WORK ORDER: Starting at the line that contains "로지텍코리아 K270 무선 키보드 (국내정식 수입 / 정품)", please transcribe every line through the end of the entries, exactly and with no pictures.

DATA EXTRACTS:

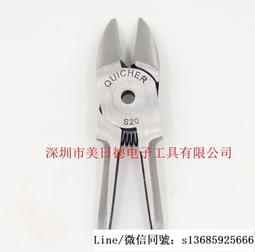 現貨.臺灣快取QUICHER氣動剪刀S4S4.1F3FD3塑膠氣剪頭刀頭HS-10正品 歷史價格詳細信息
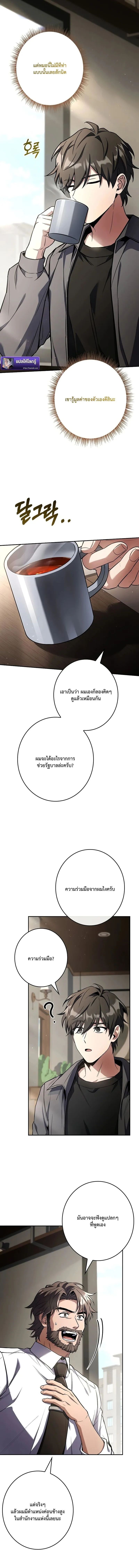 Only I Have an EX-Grade Summon ฉ_นค_อผ_อ_ญเช_ญระด_บแรงก_ EX ตอนที่ ตอนที่ 8 รูปที่ 18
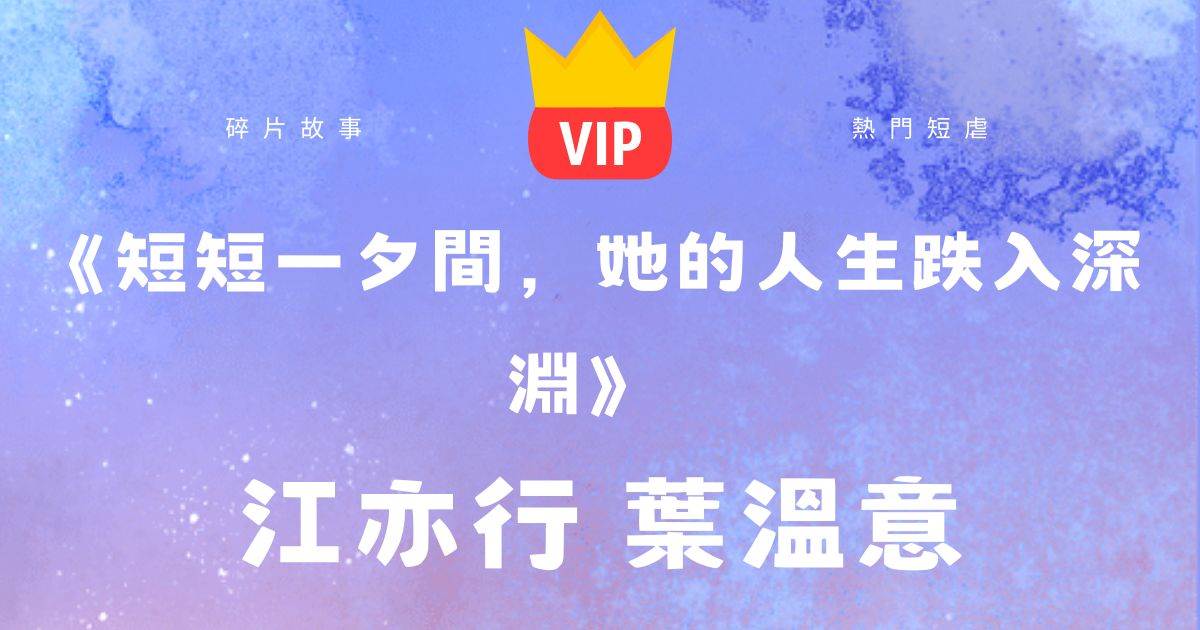 《短短一夕間，她的人生跌入深淵》江亦行葉溫意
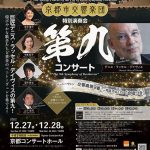京都市交響楽団 特別演奏会「第九コンサート」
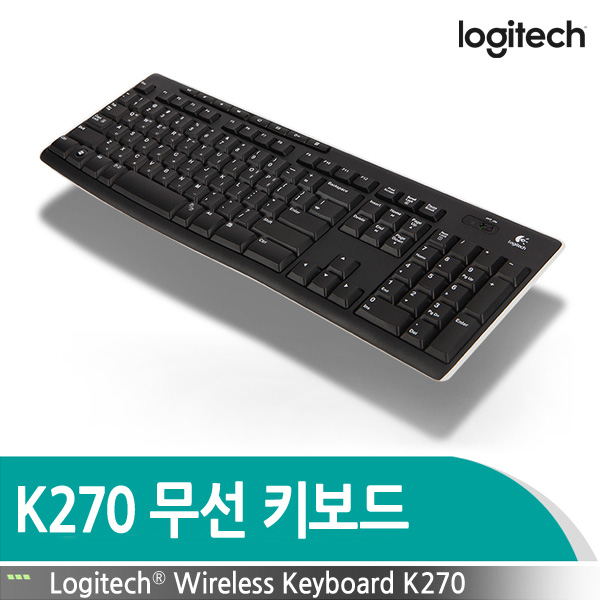 로지텍코리아 K270 무선 키보드 (국내정식 수입 / 정품)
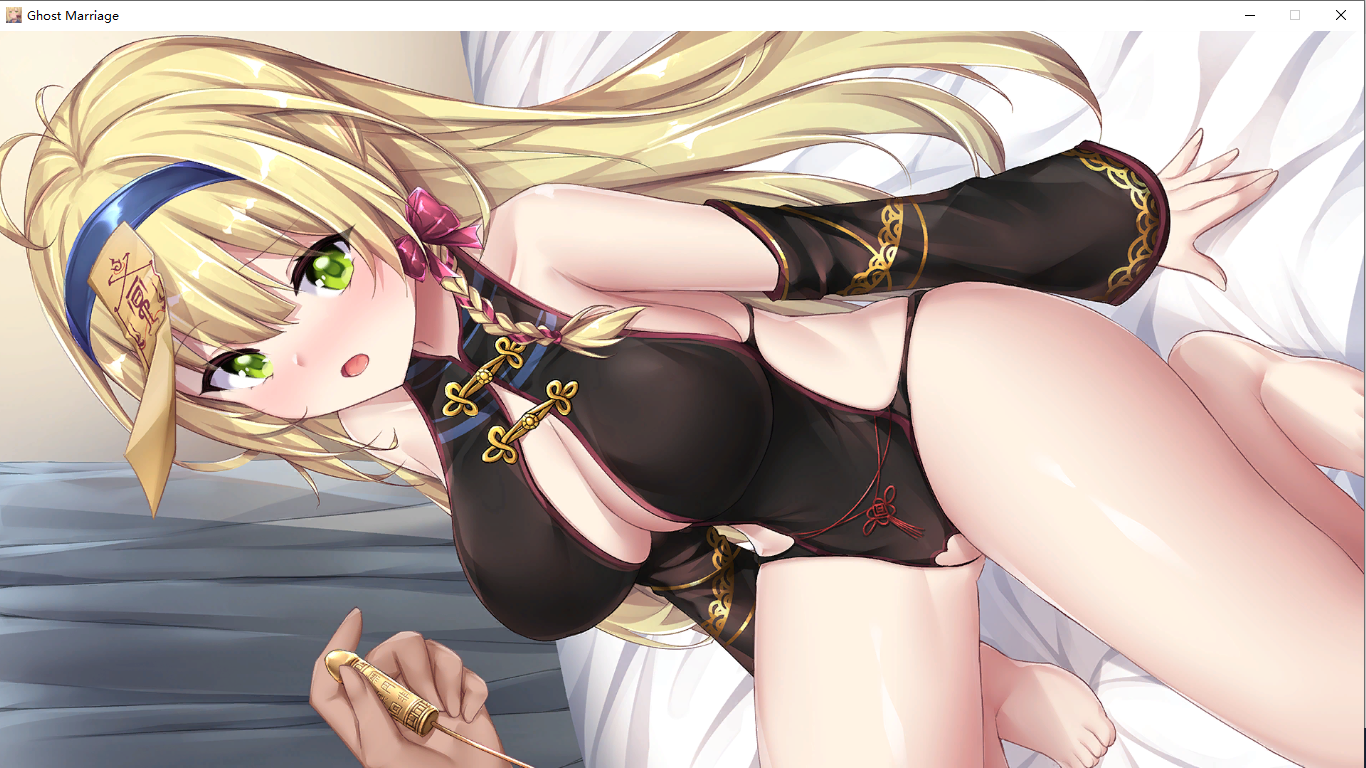 【SLG/官中/PC】冥婚交友中心《厉鬼的恋爱指南》 -第13张图片-萌站 【SLG/官中/PC】冥婚交友中心《厉鬼的恋爱指南》 -第13张图片-萌站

RESPONSE TO THIS EXERCISE:
 로지텍코리아 K270 무선 키보드 (국내정식 수입 / 정품)
 【SLG/官中/PC】冥婚交友中心《厉鬼的恋爱指南》 -第13张图片-萌站 【SLG/官中/PC】冥婚交友中心《厉鬼的恋爱指南》 -第13张图片-萌站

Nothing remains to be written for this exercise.